Lody z automatu mogą się od siebie różnić konsystencją czy kolorem, często funkcjonują po prostu jako „lody włoskie”. Mogą być i „zwyczajne”, po prostu podane w wafelku, ale i otoczone posypką czy polane smakowym sosem. Mają wielu fanów, którzy wolą je o wiele bardziej niż te sprzedawane na gałki.
Należysz do tej grupy? Nagranie, które opublikowała Katarzyna Bosacka może zmienić twoje nastawienie. Lody rozłożone na części składowe już nie wyglądają tak apetycznie.

Katarzyna Bosacka demaskuje tzw. lody włoskie
Katarzyna Bosacka to dobrze znana ekspertka od żywienia, która od lat demaskuje składy (i nie tylko). Krytykowała m.in. słynne pączki Julii Żugaj, pod lupę wzięła też modny zestaw Bambi z McDonald's. Nie boi się ostrych słów, podpowiada konsumentom, na co powinni zwracać uwagę podczas zakupów, ale i jak zdrowo gotować (to m.in. porady na rodzinne grillowanie).
Teraz dziennikarka wzięła na tapet popularny letni przysmak - lody z automatu. To smak, bez którego wiele osób nie wyobraża sobie ciepłych dni. Katarzyna Bosacka, odwiedzając sklep z produktami dla gastronomii, przypomniała, jak robi się tzw. lody włoskie. Godziny „kręcenia” naturalnych składników? Możesz się zdziwić. Wszystko zamknięte jest w torebkach z proszkami w różnych kolorach.

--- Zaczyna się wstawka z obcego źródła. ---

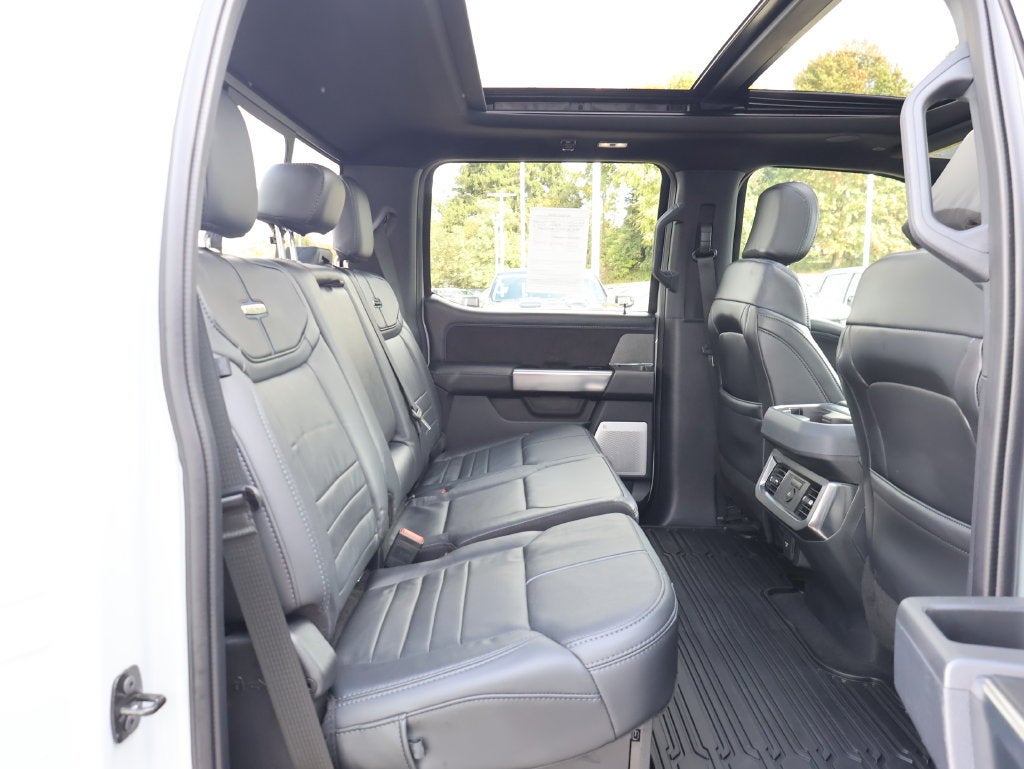 2025 Ford F-350 Super Duty Platinum - Photo 42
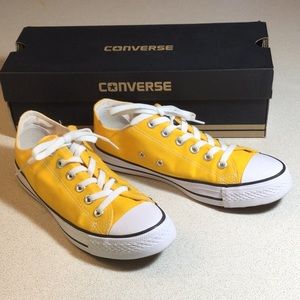 Yellow Converse Low-tops Unisex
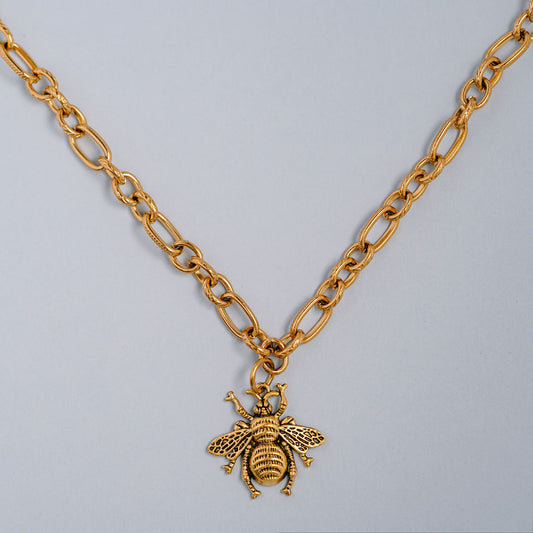 Multi size link chain with large bee charm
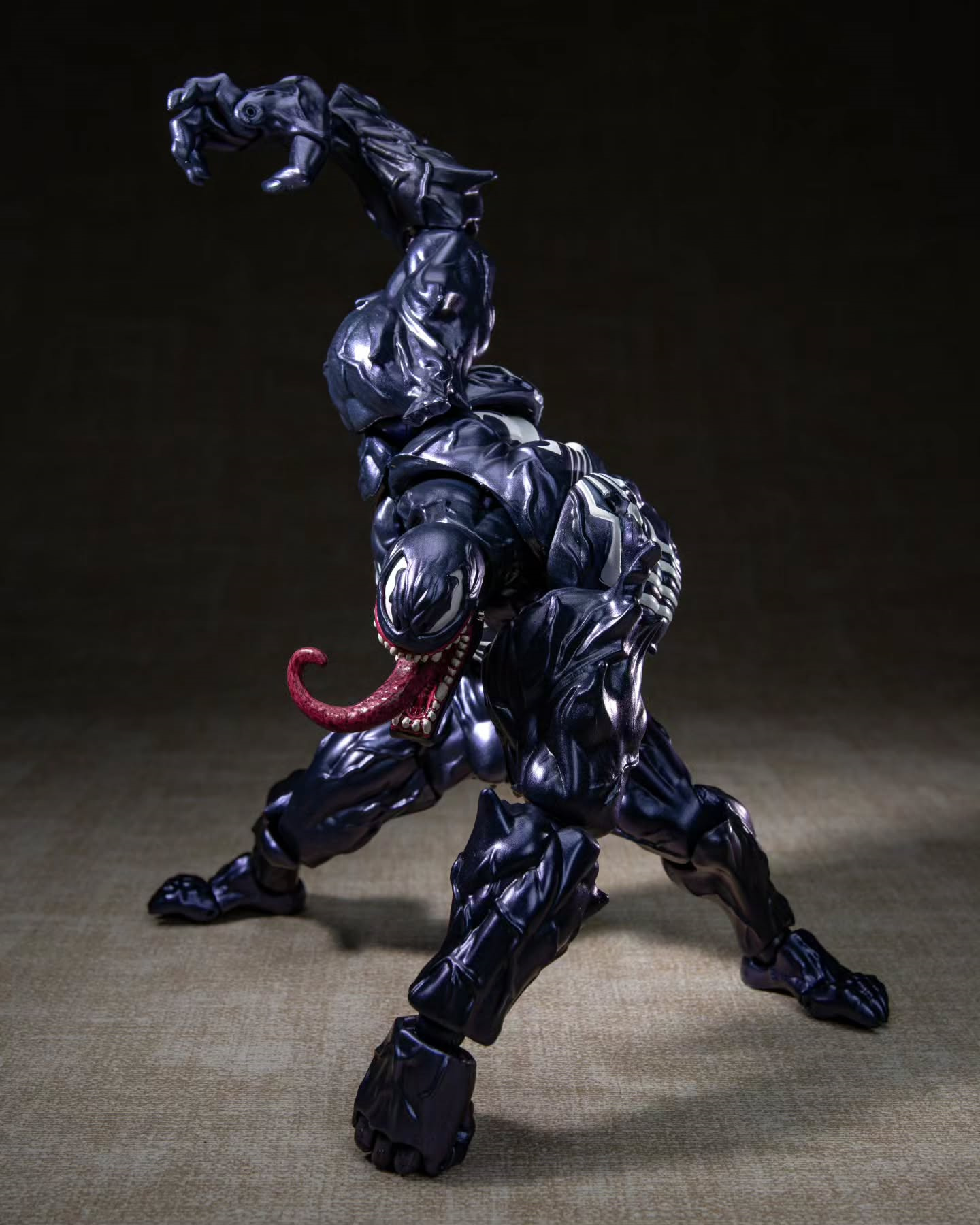 PC Factory Toys Translucent Ve - Model Kit Venom review and price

W takim proszku jest zwykle mleko w proszku, ale na pierwszym miejscu zwykle cukier, albo syrop glukozowo-fruktozowy, albo po prostu glukoza. Do tego są sztuczne aromaty, barwniki
- wylicza Katarzyna Bosacka w opublikowanym na Instagramie nagraniu.
Ekspertka zwraca uwagę, że dobrze, aby składniki były naturalne, niestety, w lodach z automatu o owocowym smaku prawdziwych owoców nie dostaniemy, będzie tylko „chemia”.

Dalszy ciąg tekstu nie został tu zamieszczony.